- **Source information**
Content starts
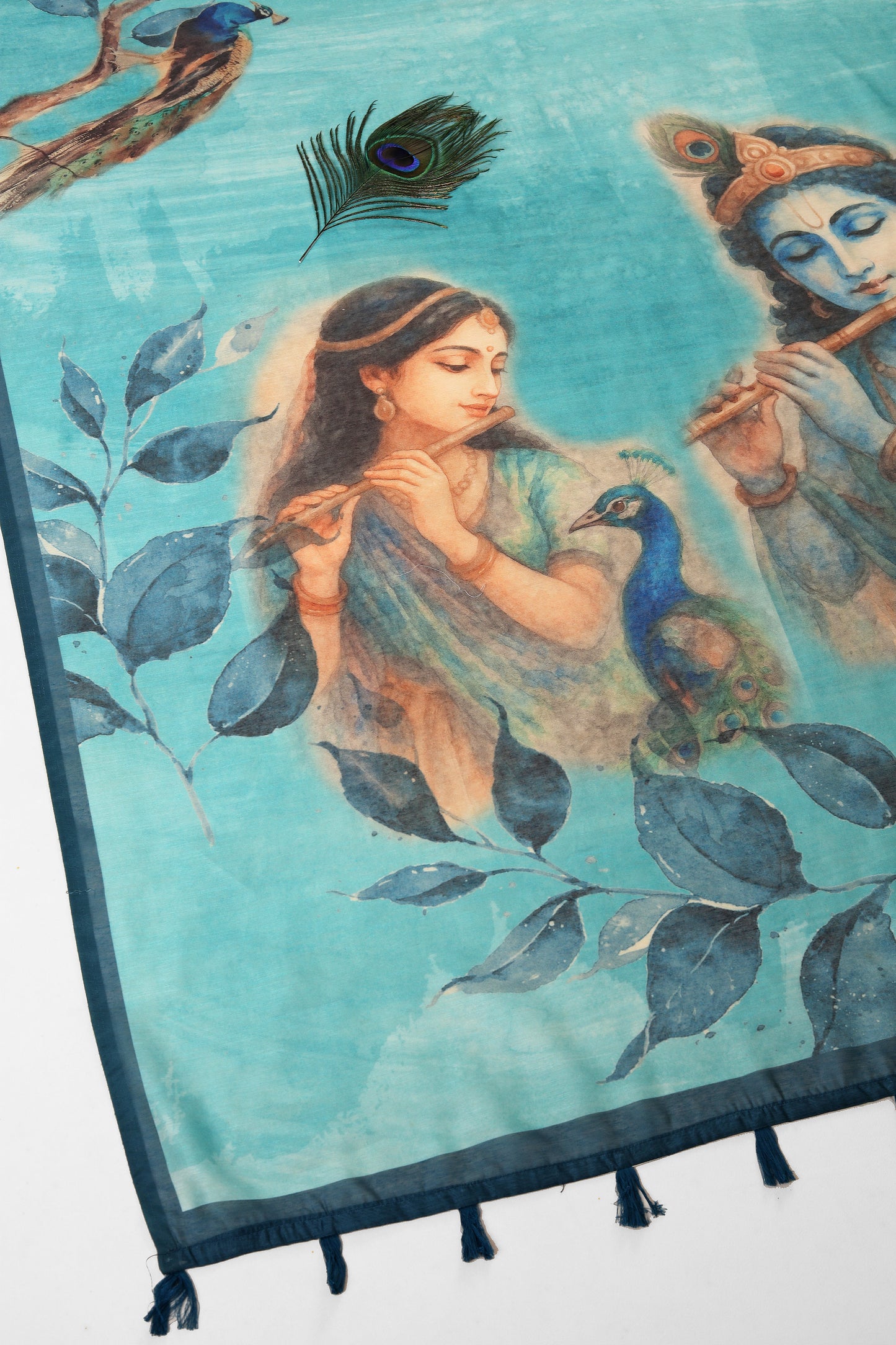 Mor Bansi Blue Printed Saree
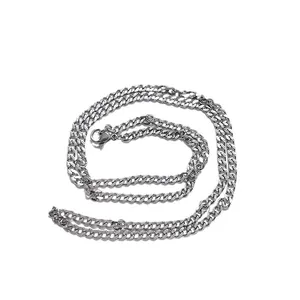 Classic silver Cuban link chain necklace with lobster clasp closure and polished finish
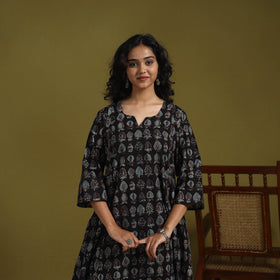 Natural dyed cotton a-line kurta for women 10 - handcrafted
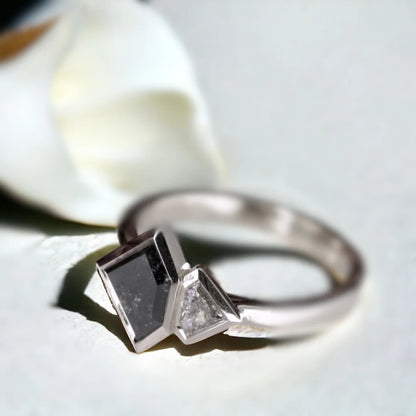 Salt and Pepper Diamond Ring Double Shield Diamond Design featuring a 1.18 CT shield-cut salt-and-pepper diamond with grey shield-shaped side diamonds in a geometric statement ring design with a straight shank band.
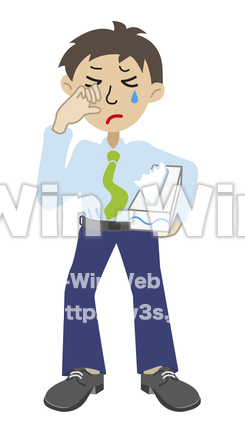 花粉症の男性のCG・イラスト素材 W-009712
Content ends
Content starts
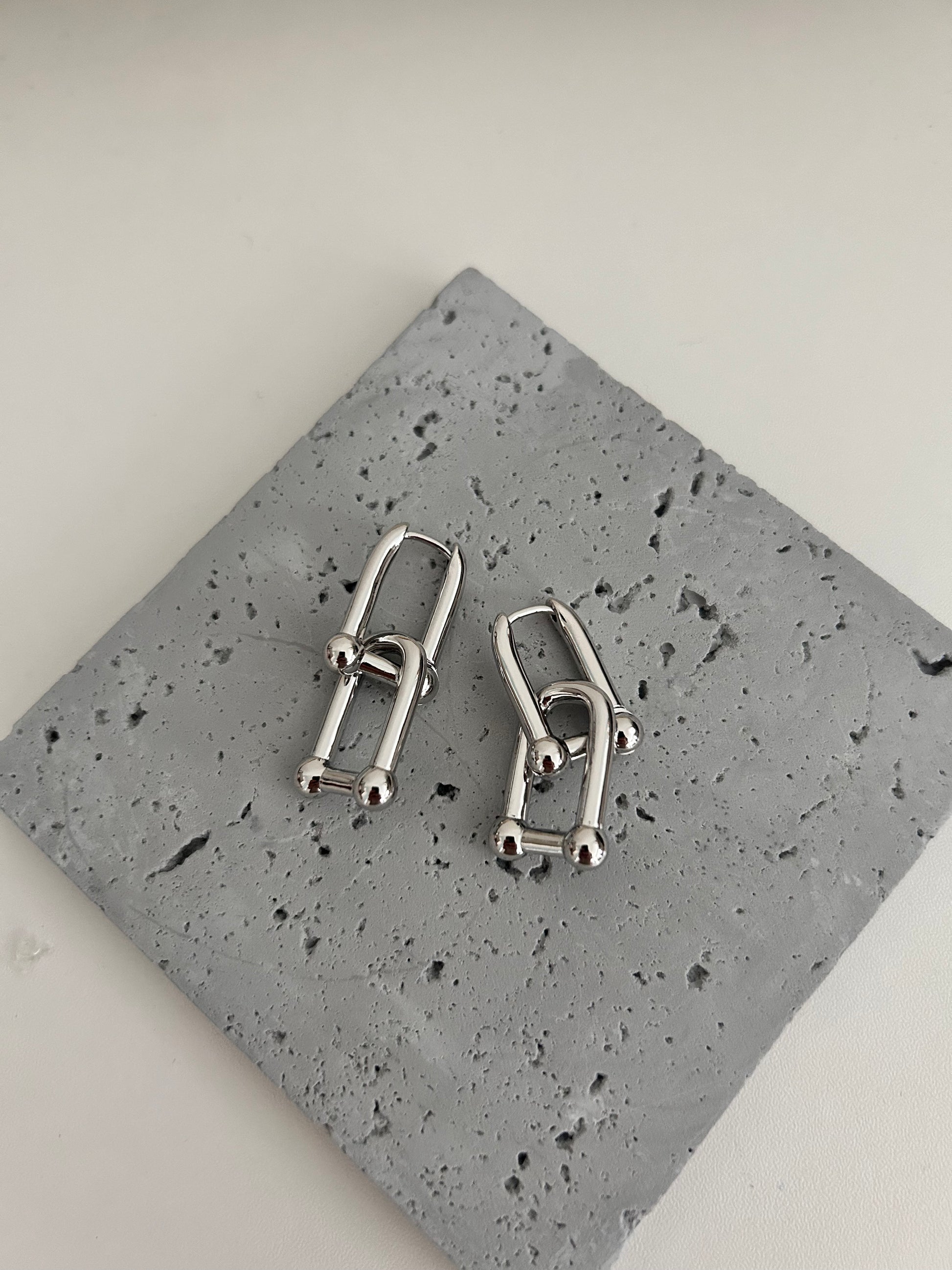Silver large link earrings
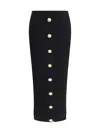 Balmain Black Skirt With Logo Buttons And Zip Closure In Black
Content ends
Would you print exactly the lines in the listing above, from the line bearing "Mor Bansi Blue Printed Saree" through the line bearing "花粉症の男性のCG・イラスト素材 W-009712", leaving out all pictures?

 Mor Bansi Blue Printed Saree
 Classic silver Cuban link chain necklace with lobster clasp closure and polished finish
 Natural dyed cotton a-line kurta for women 10 - handcrafted
 Salt and Pepper Diamond Ring Double Shield Diamond Design featuring a 1.18 CT shield-cut salt-and-pepper diamond with grey shield-shaped side diamonds in a geometric statement ring design with a straight shank band.
 花粉症の男性のCG・イラスト素材 W-009712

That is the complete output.